1) I did a production of
Fiorello! during my sophomore year of high school at the PFAA (the community theatre where my mom just did
Suburb). For those of you who are familiar with the show, I played Neil, the young up-and-coming intern for Fiorello, but I also doubled as a "Hack" in the poker scenes...which put me in about every scene. To distinguish the characters, I had on a big fake moustache for when I was a "hack" (I see the jokes coming from this a mile away, der Brucer

), and on our opening night, during "The Bum Won," of course it decided to start slowly and comically sliding off my face. Luckily I had a newspaper which I promptly threw up in front of my face, as I was laughing away as well as a couple of the other guys in the song. The audience, of course, ate it up, as they watched me inch my way back behind all of the other guys, but the best moment came near the end of the song where as we were exiting, the moustache very obviously fell out from behind the paper and I had to step on it and slide it off.

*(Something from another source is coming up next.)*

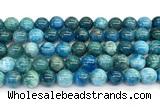 CAP757 15 inches 10mm round apatite gemstone beads wholesale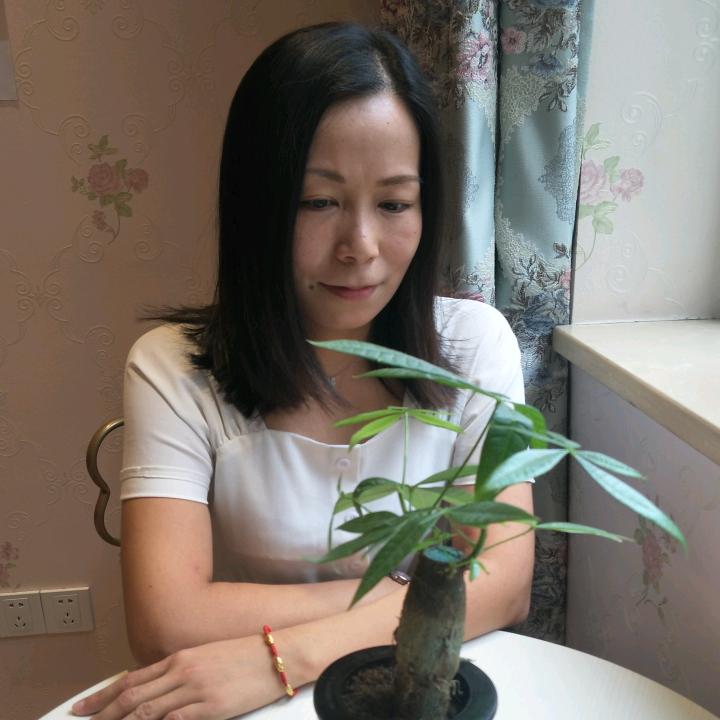 雨姊云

Then shortly thereafter in the last scene, "Morris" starts off the scene where he's on the phone with his wife...only that night, our "Morris" misjudged the time he had and when the lights came up, he wasn't on stage (later we were told he was in the bathroom) and so all of that were on stage did a quick check-in and wondered how we were going to cover. So I quickly ran up to the phone and started improvising some of the dialogue that I happened to remember of the conversation that he has with "his wife" and did so until I saw him ready to make his entrance, which he did and threw the line to him "Morris, your wife's on the phone and she's really going on about you not being home and with the kids..." and he took it and started his lines and we made it through safe and sound. Later that evening he wrote on a one-dollar bill "Thanks for saving my ass" and gave it to me - as my first professional dollar I ever earned working in the theater.

2) During the run of "Fiddler" I did as a senior in high school, the big "Tevye's Dream" sequence, as any of you who have done or even seen the show, can be a nightmare (pun intended) to stage. Our technical designers went back and forth on how to have Fruma Sarah come in - should we fly her? Should she come up from the stage floor? Should she be on top of something? It was finally decided that she would be sitting at the top of a ladder, strapped in, while the ladder was secured to a dolly navigated by someone underneath the ladder, and all covered in black material. We worked it over and over to make sure the girl underneath knew what was going on and it was all safe and comfortable for all concerned.
So, we get to the 4th show in our run, and sadly no one had the foresight when we had teched the number to remember that there was going to be dry ice machines pumping out fog on either side of the stage, one strategically placed right near where Fruma Sarah makes her entrance. For those of you that may not know, dry ice machines (as opposed to fog machines) create condensation right around where they blast out the fog...
About 5 seconds after Fruma Sarah comes out, we all see the whole thing start to topple over and panic ran through everyone of our hearts. Thankfully they were far enough away from the pit that Fruma Sarah didn't fall into that, and in fact she just kept on singing away on the ground. The girl underneath was really shaken up, but not hurt - but it brought the show to a halt. They closed the curtains, and the tech people ran out to check the two girls. Once we had everything under control, our director went out and made an announcement to the effect of "Live theatre, what can you do, right?" Then we took the scene from the top and Fruma Sarah came out sans ladder that time - and did so for the rest of the run.
Needless to say, when I (playing Tevye) am trying to figure out with Hodel and Perchik how to break the new to Golde that I've given them my blessing later in the show, the line "How will I tell your mother? ...Another dream?!" had a WHOLE new context, and managed to get a huge laugh out of the crowd.